Purpose In order to create sustainable health systems, many countries are introducing ways to prioritise health services underpinned by a process of health technology assessment. While this approach requires technical judgements of clinical effectiveness and cost effectiveness, these are embedded in a wider set of social (societal) value judgements, including fairness, responsiveness to need, non-discrimination and obligations of accountability and transparency. Implementing controversial decisions faces legal, political and public challenge. To help generate acceptance for the need for health prioritisation and the resulting decisions, the purpose of this paper is to develop a novel way of encouraging key stakeholders, especially patients and the public, to become involved in the prioritisation process. Design/methodology/approach Through a multidisciplinary collaboration involving a series of international workshops, ethical and political theory (including accountability for reasonableness) have been applied to develop a practical way forward through the creation of a values framework. The authors have tested this framework in England and in New Zealand using a mixed-methods approach. Findings A social values framework that consists of content and process values has been developed and converted into an online decision-making audit tool. Research limitations/implications The authors have developed an easy to use method to help stakeholders (including the public) to understand the need for prioritisation of health services and to encourage their involvement.
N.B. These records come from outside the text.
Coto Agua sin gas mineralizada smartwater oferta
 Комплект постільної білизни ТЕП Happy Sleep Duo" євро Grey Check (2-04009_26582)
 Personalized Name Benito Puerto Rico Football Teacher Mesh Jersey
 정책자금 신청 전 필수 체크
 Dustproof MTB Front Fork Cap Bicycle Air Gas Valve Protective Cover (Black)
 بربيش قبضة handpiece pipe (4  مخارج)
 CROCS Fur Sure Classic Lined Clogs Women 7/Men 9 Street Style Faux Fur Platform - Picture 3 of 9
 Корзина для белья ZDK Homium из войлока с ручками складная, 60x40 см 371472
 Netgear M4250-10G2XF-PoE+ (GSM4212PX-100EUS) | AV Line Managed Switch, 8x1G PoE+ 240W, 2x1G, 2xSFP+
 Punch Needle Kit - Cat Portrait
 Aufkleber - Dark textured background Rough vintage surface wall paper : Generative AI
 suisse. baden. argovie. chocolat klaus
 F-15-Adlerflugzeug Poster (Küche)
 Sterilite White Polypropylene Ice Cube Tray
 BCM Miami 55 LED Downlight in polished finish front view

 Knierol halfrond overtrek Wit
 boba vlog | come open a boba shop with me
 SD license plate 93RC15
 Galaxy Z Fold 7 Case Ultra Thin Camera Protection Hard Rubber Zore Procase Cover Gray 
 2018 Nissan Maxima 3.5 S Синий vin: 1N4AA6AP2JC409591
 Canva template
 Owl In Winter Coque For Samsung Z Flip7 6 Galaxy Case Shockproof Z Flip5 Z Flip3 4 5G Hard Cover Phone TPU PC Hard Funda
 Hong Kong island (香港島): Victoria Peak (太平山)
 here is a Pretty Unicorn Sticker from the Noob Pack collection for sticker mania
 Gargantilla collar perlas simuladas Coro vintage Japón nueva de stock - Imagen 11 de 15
It provides a pragmatic way of harmonising different perspectives aimed at maximising health experience. Practical implications All health care systems are facing increasing demands within finite resources. Although many countries are introducing ways to prioritise health services, the decisions often face legal, political, commercial and ethical challenge. The research will help health systems to respond to these challenges. Social implications This study helps in increasing public involvement in complex health challenges. Originality/value No other groups have used this combination of approaches to address this issue.